Excerpts from a dataset

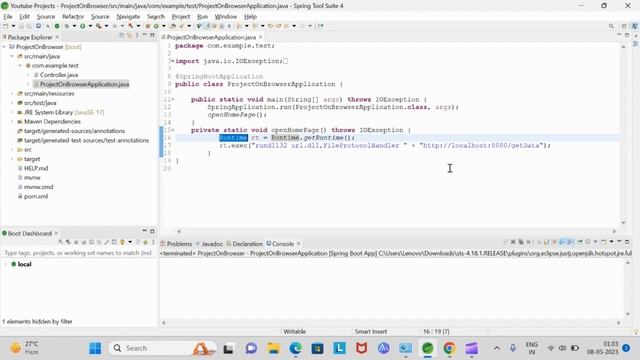 How to open spring boot project on browser by default. смотреть онлайн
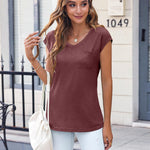 Zeagoo Women's V-Neck Short Sleeve T-Shirt with Pocket Top (DE Only)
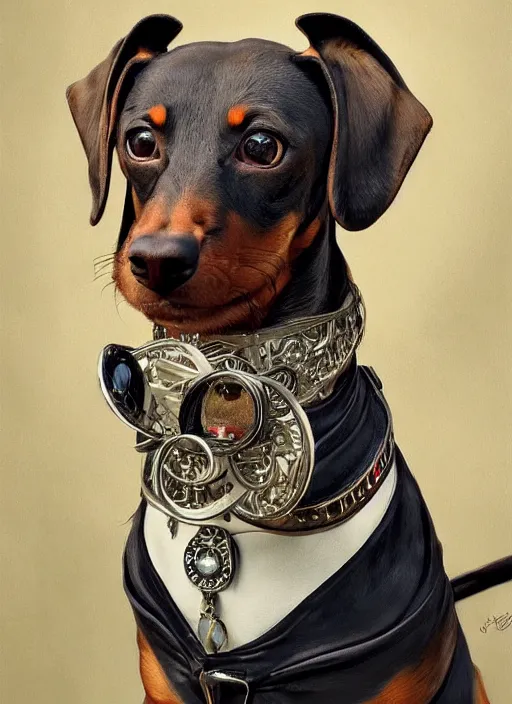 Prompt: dachshund with a monocle and a raised highbrow | sophisticated clothing | highly detailed | very intricate | elaborate outfit | symmetrical | cinematic lighting | award - winning | closeup portrait | painted by donato giancola and mandy jurgens and charlie bowater | featured on artstation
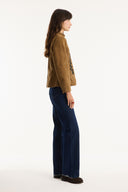Suede-Look Jacket with Detailed Piping Trim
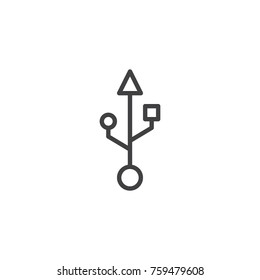 USB connection line icon, outline vector sign, linear style pictogram isolated on white. Port usb symbol, logo illustration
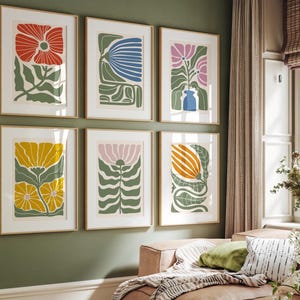 Set di 6 stampe di fiori astratti Boho, stampe artistiche vintage botaniche colorate, poster di fiori moderni in stile Matisse, poster del mercato dei fiori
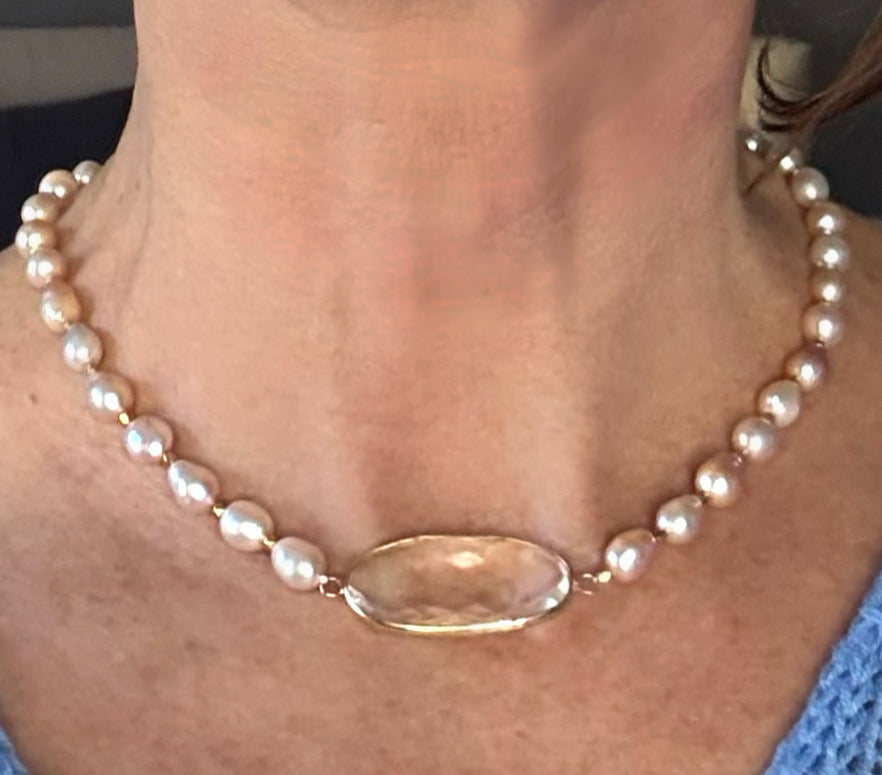 White Topaz, Pearl and 18k Gold Necklace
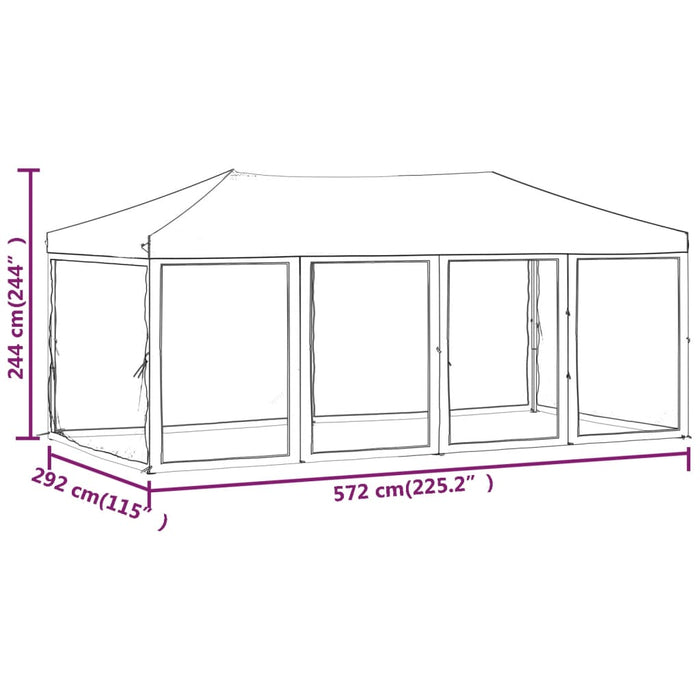 Folding Party Tent With Sidewalls White 3X6 M Ktppx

ABOUT THIS EXERCISE: Print exactly the lines from the first line of the records above through the line containing "Zeagoo Women's V-Neck", both included, and leave the pictures out.

ANSWER SECTION:
 How to open spring boot project on browser by default. смотреть онлайн
 Zeagoo Women's V-Neck Short Sleeve T-Shirt with Pocket Top (DE Only)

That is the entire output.